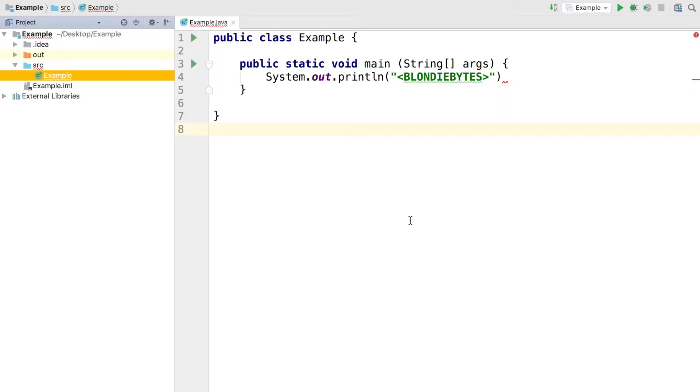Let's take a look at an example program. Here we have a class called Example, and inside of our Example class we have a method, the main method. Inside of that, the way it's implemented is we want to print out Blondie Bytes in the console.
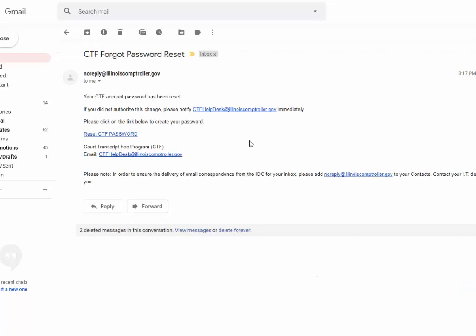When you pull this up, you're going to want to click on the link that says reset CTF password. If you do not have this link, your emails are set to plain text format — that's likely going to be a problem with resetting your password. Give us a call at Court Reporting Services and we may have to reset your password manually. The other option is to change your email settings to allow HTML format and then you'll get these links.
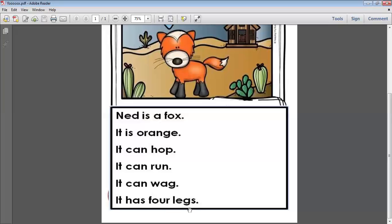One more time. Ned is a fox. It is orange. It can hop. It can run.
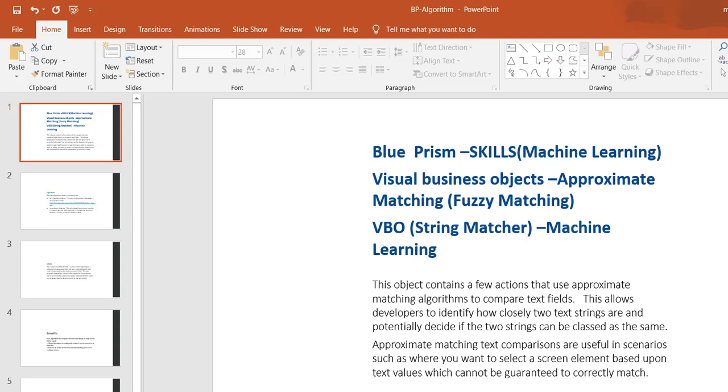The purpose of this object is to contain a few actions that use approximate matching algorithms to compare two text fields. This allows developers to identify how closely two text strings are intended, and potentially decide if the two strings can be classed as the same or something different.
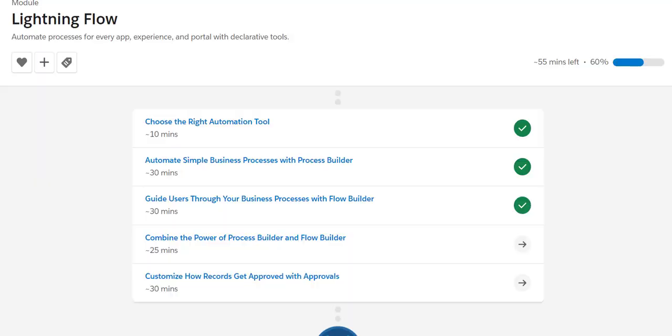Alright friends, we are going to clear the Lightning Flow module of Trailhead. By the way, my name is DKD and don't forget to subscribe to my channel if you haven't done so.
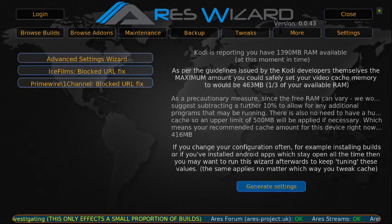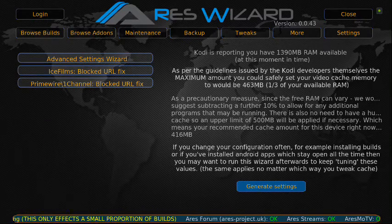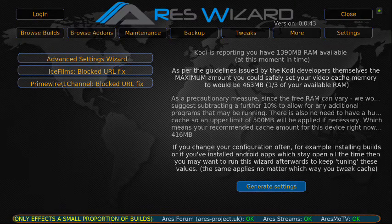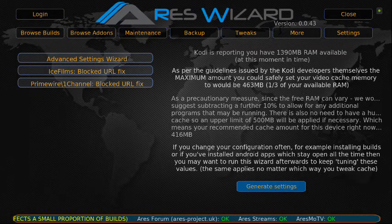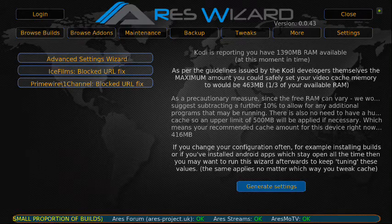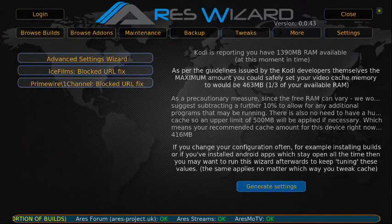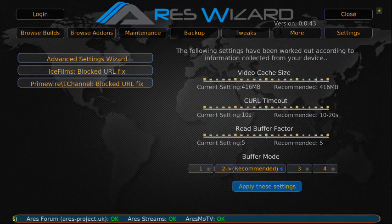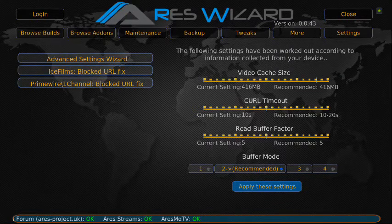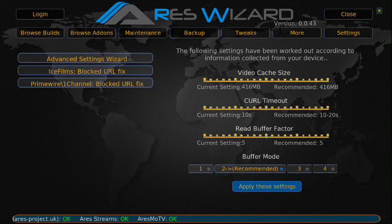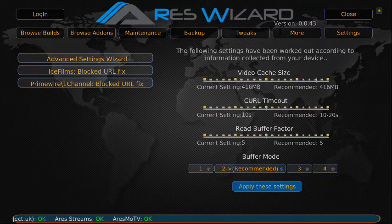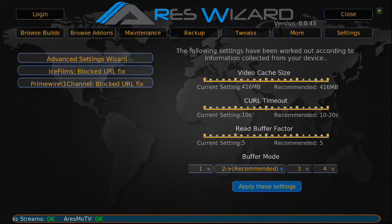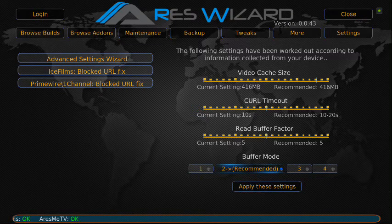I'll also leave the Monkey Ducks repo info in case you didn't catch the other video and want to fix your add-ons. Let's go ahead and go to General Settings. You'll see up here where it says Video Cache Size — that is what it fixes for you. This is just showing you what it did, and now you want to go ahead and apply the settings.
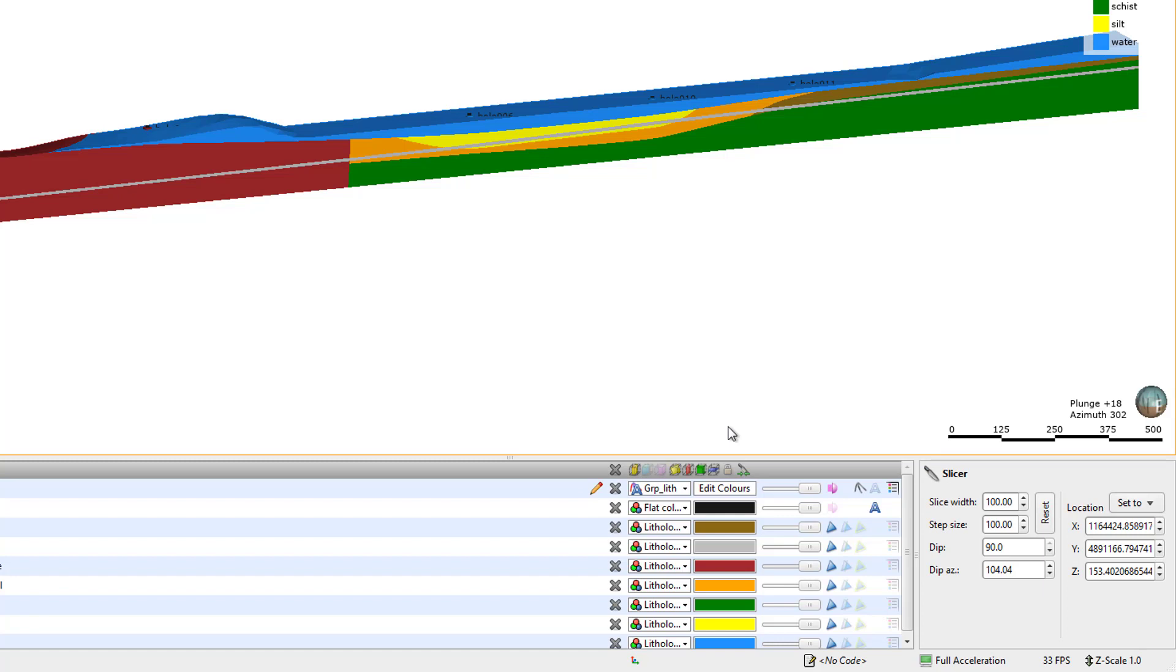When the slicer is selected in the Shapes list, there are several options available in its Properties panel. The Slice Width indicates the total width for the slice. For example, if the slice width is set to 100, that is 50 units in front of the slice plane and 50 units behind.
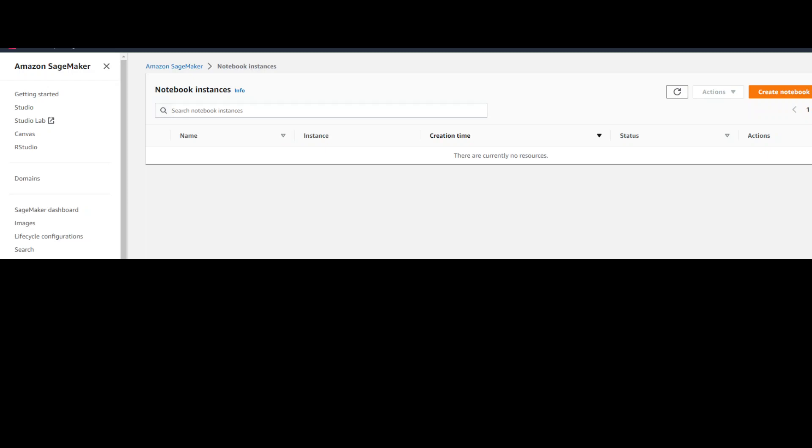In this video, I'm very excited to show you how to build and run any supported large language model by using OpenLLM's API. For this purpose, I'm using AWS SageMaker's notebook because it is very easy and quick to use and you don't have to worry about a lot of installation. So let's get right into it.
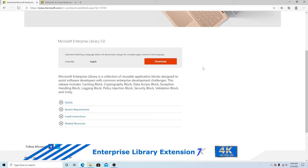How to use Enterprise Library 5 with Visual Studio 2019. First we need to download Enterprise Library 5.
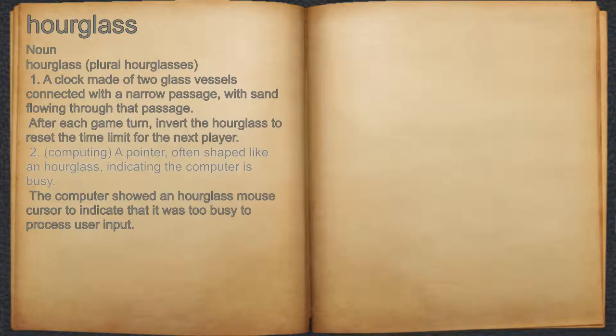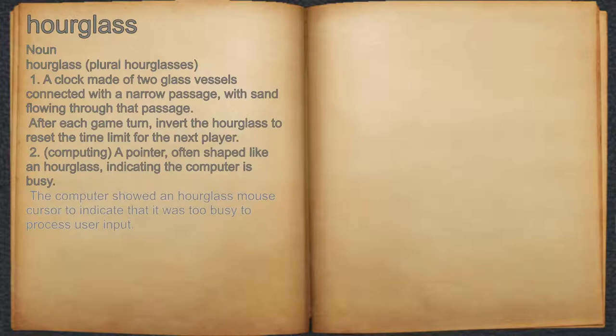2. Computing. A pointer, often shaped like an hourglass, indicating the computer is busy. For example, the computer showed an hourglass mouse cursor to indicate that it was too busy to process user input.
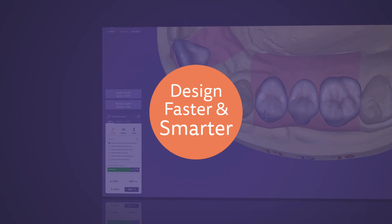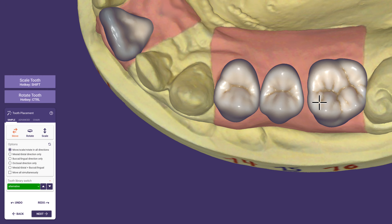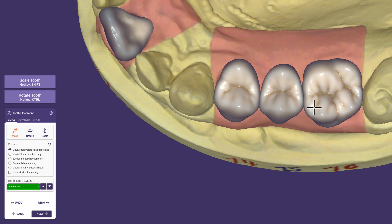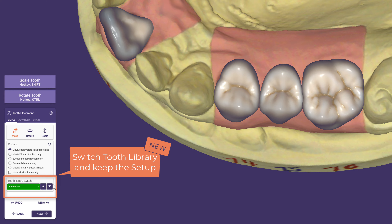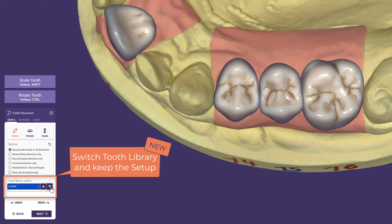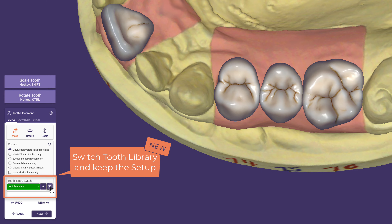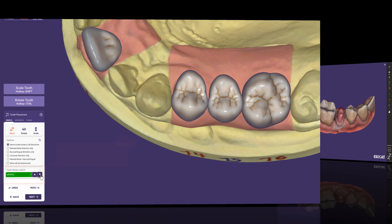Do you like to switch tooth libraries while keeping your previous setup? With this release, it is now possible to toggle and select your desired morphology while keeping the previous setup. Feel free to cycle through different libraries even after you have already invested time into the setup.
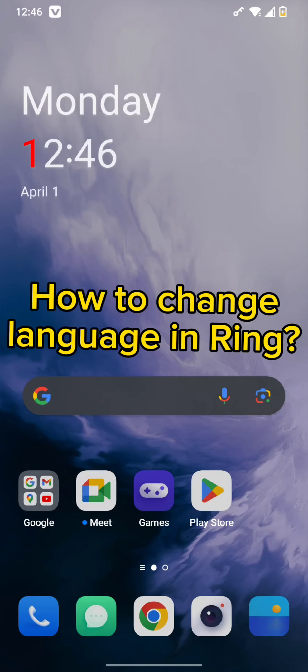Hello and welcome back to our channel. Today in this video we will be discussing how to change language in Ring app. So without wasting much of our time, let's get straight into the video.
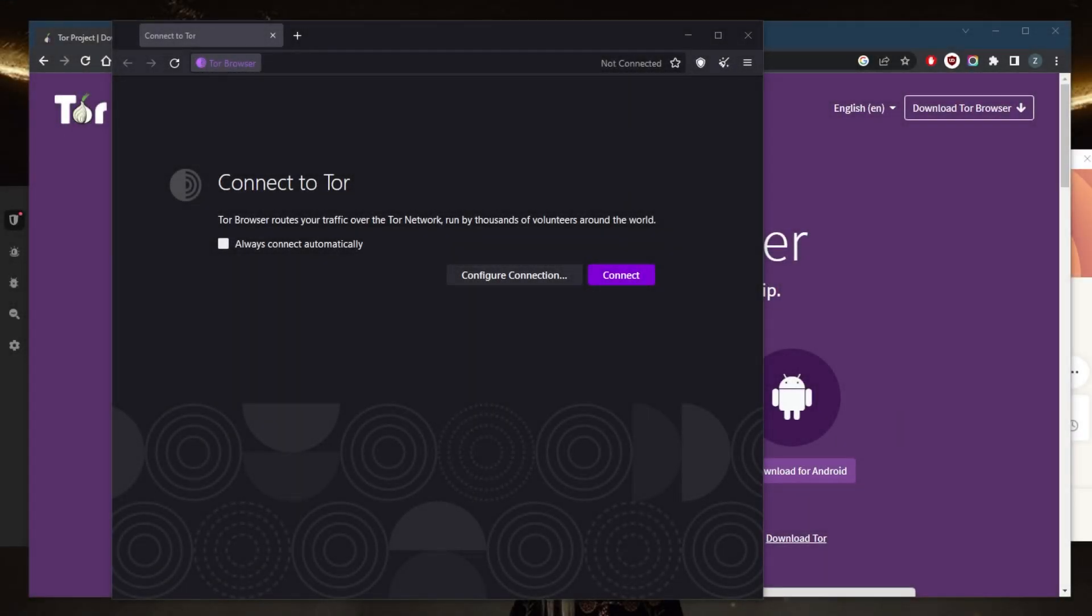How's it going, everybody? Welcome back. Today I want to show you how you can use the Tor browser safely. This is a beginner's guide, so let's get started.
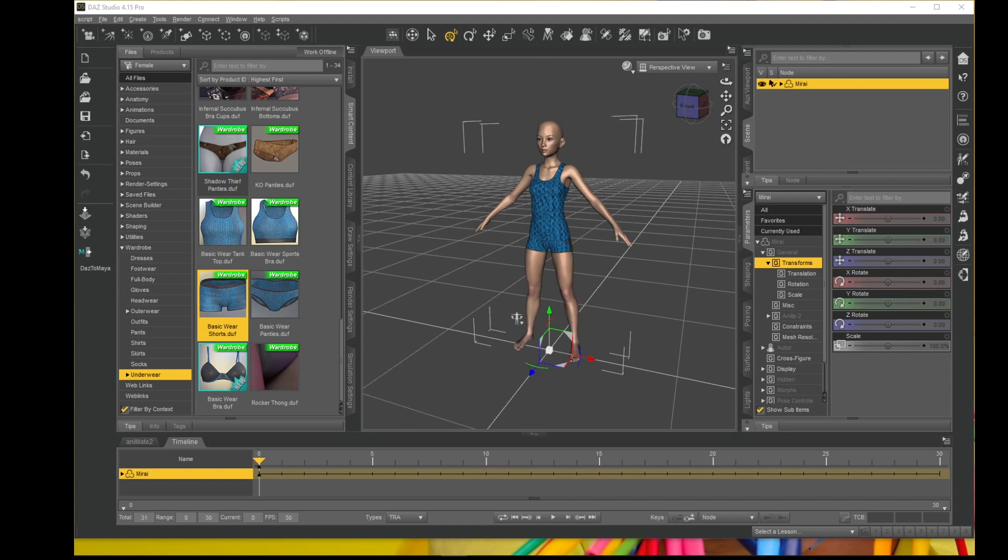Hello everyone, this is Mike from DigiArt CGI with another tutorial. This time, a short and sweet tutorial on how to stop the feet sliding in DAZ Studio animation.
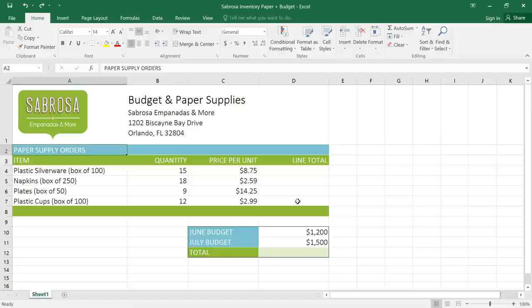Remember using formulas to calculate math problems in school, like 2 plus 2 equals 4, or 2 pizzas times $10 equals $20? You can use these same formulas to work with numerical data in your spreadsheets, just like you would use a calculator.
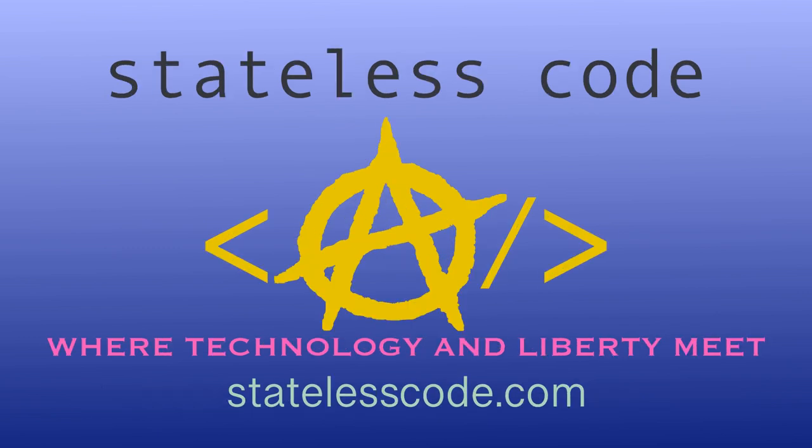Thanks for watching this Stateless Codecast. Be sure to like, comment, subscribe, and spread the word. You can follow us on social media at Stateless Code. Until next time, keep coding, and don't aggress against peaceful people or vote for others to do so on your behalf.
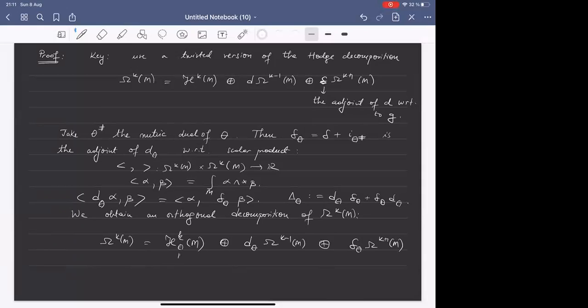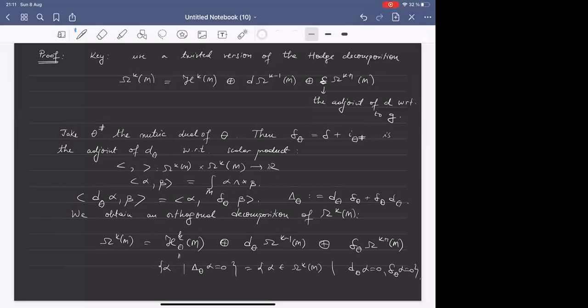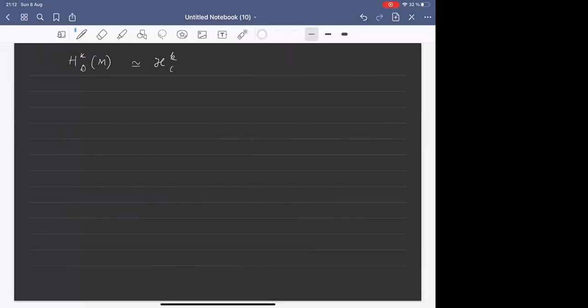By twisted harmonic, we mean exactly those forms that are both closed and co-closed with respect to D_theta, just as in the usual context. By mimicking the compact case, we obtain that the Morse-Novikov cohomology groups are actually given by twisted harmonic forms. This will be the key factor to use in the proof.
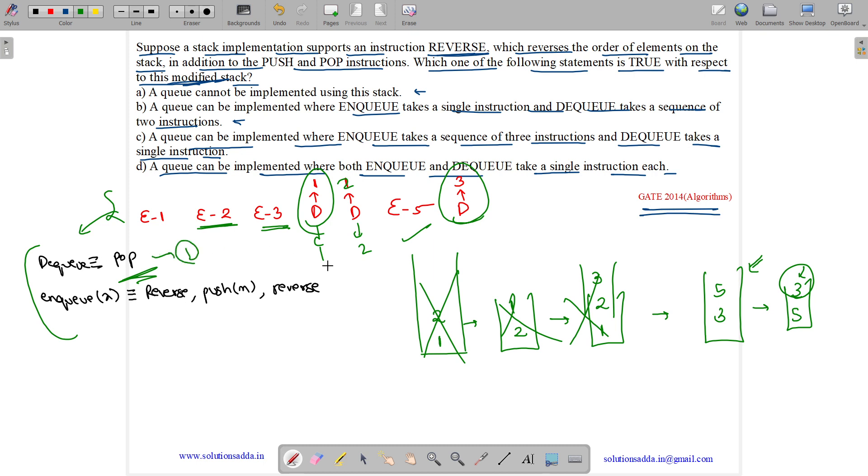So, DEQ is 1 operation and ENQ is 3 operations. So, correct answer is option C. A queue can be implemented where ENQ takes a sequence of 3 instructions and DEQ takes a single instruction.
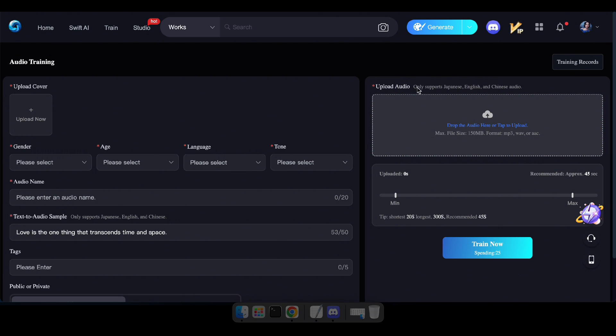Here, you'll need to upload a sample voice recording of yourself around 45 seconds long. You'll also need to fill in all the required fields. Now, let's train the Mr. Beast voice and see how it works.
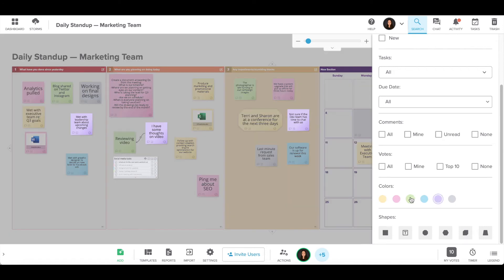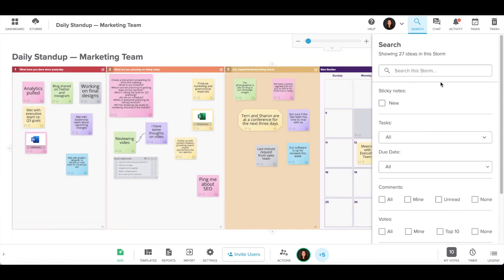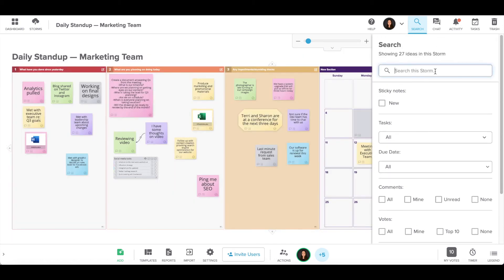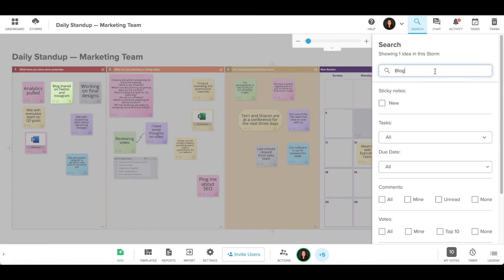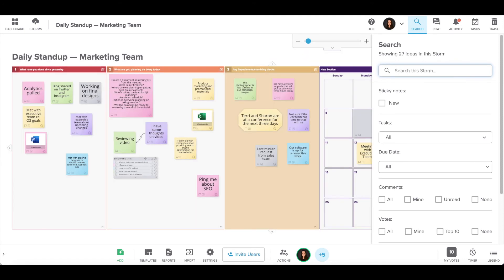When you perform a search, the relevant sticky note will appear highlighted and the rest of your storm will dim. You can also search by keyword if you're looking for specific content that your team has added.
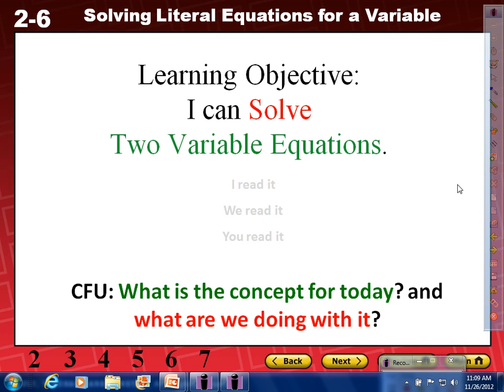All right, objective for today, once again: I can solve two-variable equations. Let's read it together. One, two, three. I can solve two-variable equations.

TASK INSTRUCTIONS> Starting with the first line of the data above and ending with the line containing "The purpose of", please restate every line exactly, leaving images out.

RESPONSE AREA>
Let's take a look at an example program. Here we have a class called Example, and inside of our Example class we have a method, the main method. Inside of that, the way it's implemented is we want to print out Blondie Bytes in the console.
When you pull this up, you're going to want to click on the link that says reset CTF password. If you do not have this link, your emails are set to plain text format — that's likely going to be a problem with resetting your password. Give us a call at Court Reporting Services and we may have to reset your password manually. The other option is to change your email settings to allow HTML format and then you'll get these links.
One more time. Ned is a fox. It is orange. It can hop. It can run.
The purpose of this object is to contain a few actions that use approximate matching algorithms to compare two text fields. This allows developers to identify how closely two text strings are intended, and potentially decide if the two strings can be classed as the same or something different.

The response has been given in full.